Ballistic performance
| Bullet mass/type | Velocity | Energy |
| 150 gr (10 g) | 2,890 ft/s (880 m/s) | 2,780 ft⋅lbf (3,770 J) |  |
| 200 gr (13 g) | 2,530 ft/s (770 m/s) | 2,840 ft⋅lbf (3,850 J) |  |
| 250 gr (16 g) | 2,350 ft/s (720 m/s) | 3,060 ft⋅lbf (4,150 J) |  |
| 200 gr FTX | 2,630 ft/s (800 m/s) | 3,072 ft⋅lbf (4,165 J) |  |

= .348 Winchester =

Rifle cartridge

The .348 Winchester / 8.8x57mmR is an American rifle cartridge. It was introduced in 1936, and developed for the Winchester Model 71 lever action rifle. The .348 was one of the most powerful rimmed rounds ever used in a lever action rifle.

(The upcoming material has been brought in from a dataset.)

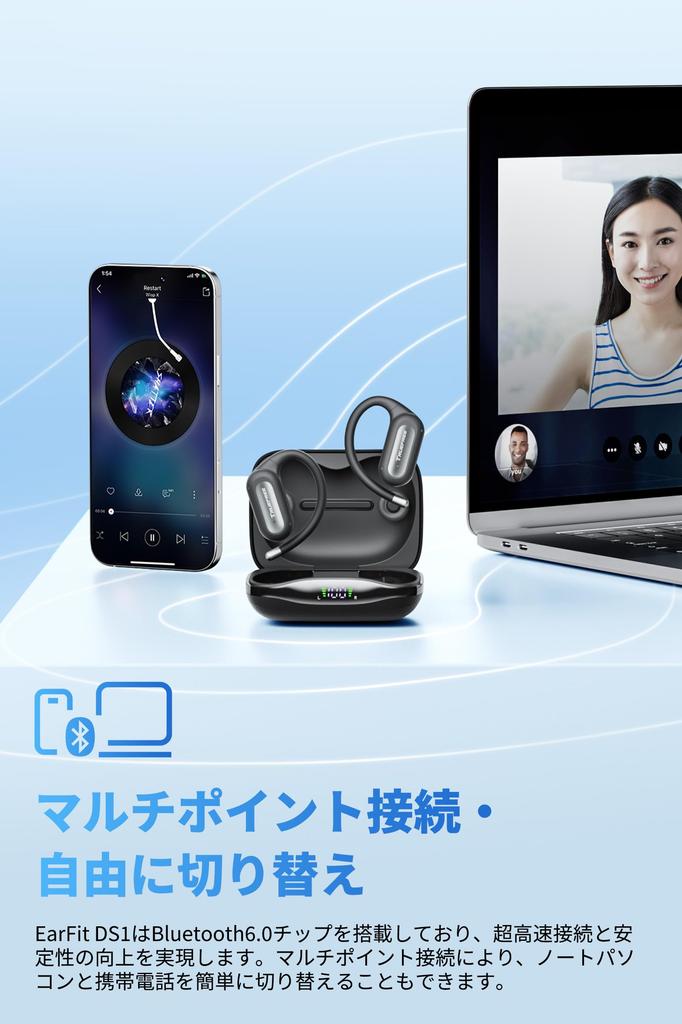 TRUEFREE EarFit DS1 Wireless Earbuds with Bluetooth IPX5 40 Hours of Fast and App Support Perfect for and Home with a Active Sound Leak and Design for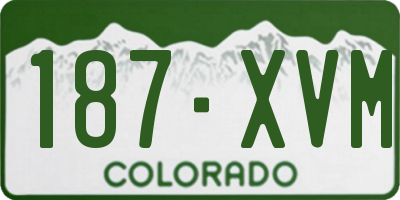 CO license plate 187XVM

In May 2026, the Ruger No. 1 was chambered in .348 Winchester.

==Performance==
It is often used for North American big game in woods or brush, if the 250 grain bullet is used, but not especially suited to long range (400 yards and beyond) as a result of the need to use flat-nose bullets due to the Model 71's tubular magazine. Using Hornady's FTX flex tip pointed bullets, 300 yards with a good peep sight is a fairly easy shot (Factory-loaded, midrange trajectory at 200 yards is 2.9 in for the 150 gr bullet, 3.6 in for the 200 gr round, and 4.4 in for the 250 gr slug.) The 200 and 250 gr loadings are preferred for anything past 100 yards.

In 1962, Winchester dropped the factory 150 gr and 250 gr loads, retaining only the 200 gr. No other rifle was ever offered in .348 by Winchester (although Uberti has made some 400 rifles chambered for the .348 in the Cimarron 1885 Hi-Wall in the mid-2000s), and it has been supplanted by the .358 Winchester (in the Model 88). (The Model 71 was discontinued in 1958.)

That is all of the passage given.